What about the exceptions—those individuals who refuse to play by the rules?
(
a
) Relatively speaking, they’re isolated and few in number.
The day they grow so numerous as to dominate the picture, the rules change—witness
America’s repeal of Prohibition. Or, the society itself collapses, as in the case
of the Roman Empire.
(
b
) They do get caught.
Cheat in school, your ignorance later loses you a job. Cheat on the traffic laws,
a tank truck becomes your funeral pyre. Cheat in a crap game, a perceptive soul with
a switchblade perforates more than your ego.
(
c
) They live with guilt.
Hypertension and insomnia and ulcers are constant occupational hazards for them. Often
they make psychotherapists wealthy. But even if they escape such, conscience still
travels with them in most cases, and their triumphs all taste of bitter ashes.
In essence, life and fiction alike assume that ruthless self-interest takes the short
view of any issue. The man without principle is in effect blood brother to the alcoholic
whose perspective on life has narrowed to the problem of how to get just one more
bottle, or the armed bandit so preoccupied with the seventy dollars in a cash register
that he never stops to figure out what his hourly wage will be if he pays for the
caper with a five-year prison sentence.
The implicit truth of all this is the bedrock upon which our society is erected. Fiction
merely epitomizes it . . . telescopes
and condenses the broad picture into capsule form so that it may more easily be digested
by the average reader. As Raymond Chandler once observed in commenting on the fantastic
aspects of the hard-boiled mystery, “Such things happened, but not so rapidly, nor
to so close-knit a group of people, nor within so narrow a frame of logic. This was
inevitable because the demand was for constant action; if you stopped to think you
were lost.”
A good story provides your reader with Pleasurable Tension plus Ultimate Satisfaction.

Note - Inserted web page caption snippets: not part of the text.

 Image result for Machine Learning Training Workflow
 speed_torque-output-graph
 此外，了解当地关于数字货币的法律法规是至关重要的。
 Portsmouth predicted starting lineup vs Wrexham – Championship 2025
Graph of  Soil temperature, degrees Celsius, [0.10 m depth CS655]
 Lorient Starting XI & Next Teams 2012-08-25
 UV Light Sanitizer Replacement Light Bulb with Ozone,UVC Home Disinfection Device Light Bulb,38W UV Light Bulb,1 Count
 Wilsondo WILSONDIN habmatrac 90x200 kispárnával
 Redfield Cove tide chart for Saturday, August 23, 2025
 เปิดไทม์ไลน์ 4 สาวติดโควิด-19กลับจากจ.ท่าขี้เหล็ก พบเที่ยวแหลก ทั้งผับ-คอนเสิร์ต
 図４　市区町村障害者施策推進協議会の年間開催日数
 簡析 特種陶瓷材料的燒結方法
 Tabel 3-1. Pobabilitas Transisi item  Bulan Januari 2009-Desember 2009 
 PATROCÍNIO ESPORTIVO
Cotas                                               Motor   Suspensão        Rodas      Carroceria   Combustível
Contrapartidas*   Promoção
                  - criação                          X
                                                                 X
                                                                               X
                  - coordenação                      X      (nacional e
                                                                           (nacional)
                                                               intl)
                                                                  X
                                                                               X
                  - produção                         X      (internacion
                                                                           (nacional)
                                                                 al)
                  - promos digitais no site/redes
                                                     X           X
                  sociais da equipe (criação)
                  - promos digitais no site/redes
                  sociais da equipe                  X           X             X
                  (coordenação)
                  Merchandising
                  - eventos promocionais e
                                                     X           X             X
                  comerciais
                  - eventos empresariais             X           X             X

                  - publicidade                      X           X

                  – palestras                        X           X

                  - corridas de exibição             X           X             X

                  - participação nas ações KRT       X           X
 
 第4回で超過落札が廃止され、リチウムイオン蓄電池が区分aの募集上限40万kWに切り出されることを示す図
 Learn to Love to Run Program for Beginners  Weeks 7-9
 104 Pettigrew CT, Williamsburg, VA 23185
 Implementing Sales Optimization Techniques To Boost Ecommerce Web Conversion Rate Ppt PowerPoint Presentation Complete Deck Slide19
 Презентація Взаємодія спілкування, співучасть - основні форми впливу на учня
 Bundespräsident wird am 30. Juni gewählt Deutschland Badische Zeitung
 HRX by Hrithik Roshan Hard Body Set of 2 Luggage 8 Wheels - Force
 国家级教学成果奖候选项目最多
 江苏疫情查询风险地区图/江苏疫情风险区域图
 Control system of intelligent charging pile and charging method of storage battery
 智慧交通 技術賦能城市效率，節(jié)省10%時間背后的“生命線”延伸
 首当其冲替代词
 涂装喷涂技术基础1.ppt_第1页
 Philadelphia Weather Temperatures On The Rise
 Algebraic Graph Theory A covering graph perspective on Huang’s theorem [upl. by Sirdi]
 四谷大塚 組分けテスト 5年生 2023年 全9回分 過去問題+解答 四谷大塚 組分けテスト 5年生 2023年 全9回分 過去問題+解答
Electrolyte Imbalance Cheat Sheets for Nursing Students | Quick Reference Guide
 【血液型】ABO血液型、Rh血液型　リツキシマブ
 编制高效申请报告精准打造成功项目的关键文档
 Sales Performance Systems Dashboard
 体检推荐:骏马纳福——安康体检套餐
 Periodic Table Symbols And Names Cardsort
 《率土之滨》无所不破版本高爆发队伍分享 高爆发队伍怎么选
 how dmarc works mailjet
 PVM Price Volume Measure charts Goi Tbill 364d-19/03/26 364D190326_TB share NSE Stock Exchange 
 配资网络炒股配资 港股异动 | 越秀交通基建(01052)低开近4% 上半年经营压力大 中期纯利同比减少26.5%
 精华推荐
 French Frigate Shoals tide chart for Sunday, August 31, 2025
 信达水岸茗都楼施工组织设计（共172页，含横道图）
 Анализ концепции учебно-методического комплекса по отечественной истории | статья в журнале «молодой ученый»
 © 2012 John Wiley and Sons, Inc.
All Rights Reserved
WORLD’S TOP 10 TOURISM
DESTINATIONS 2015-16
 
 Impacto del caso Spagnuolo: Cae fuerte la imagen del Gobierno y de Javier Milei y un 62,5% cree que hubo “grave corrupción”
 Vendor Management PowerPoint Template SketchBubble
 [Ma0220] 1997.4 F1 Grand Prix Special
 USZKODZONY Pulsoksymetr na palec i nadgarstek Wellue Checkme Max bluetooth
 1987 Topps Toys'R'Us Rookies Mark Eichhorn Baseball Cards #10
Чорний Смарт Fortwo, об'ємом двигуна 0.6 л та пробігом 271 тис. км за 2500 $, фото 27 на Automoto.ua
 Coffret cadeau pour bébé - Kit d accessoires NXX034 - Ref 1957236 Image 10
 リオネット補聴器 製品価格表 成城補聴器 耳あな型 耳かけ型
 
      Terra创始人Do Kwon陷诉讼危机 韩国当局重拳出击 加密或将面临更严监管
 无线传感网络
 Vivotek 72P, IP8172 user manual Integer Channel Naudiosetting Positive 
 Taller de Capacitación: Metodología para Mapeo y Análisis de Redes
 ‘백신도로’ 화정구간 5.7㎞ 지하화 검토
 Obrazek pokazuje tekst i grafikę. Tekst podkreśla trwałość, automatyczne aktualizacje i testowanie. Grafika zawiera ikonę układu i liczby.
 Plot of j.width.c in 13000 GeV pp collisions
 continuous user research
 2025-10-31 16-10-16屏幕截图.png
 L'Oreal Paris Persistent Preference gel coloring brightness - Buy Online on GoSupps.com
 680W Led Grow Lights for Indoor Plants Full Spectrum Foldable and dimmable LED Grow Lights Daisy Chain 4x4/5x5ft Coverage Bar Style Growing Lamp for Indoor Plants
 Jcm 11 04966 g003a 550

These are the fundamentals. This is what constitutes the double-barreled attack.
The carrying out of that attack, however, demands a bit more detail: detail about
the most effective tricks for developing the beginning of your story, and also its
middle and its end.
For a look at such, turn to the next chapter.
CHAPTER 6
Beginning, Middle, End
A story is movement through the eternal now, from past to future.
All stories are “about” the same thing: desire versus danger. Each concerns a focal
character’s attempt to attain or retain something in the face of trouble.
To translate this general principle into a specific piece of fiction, you need a grasp
of five broad subjects:
1. How to line up story elements.
2. How to get a story started.
3. How to develop middle segments.
4. How to build a climax.
5. How to resolve story issues.
The first step in this direction is to get the basic outlines of your story clear
in your own mind. A certain amount of organization is essential. Lack of direction
and form can send you off into a trackless maze of false starts and blind alleys.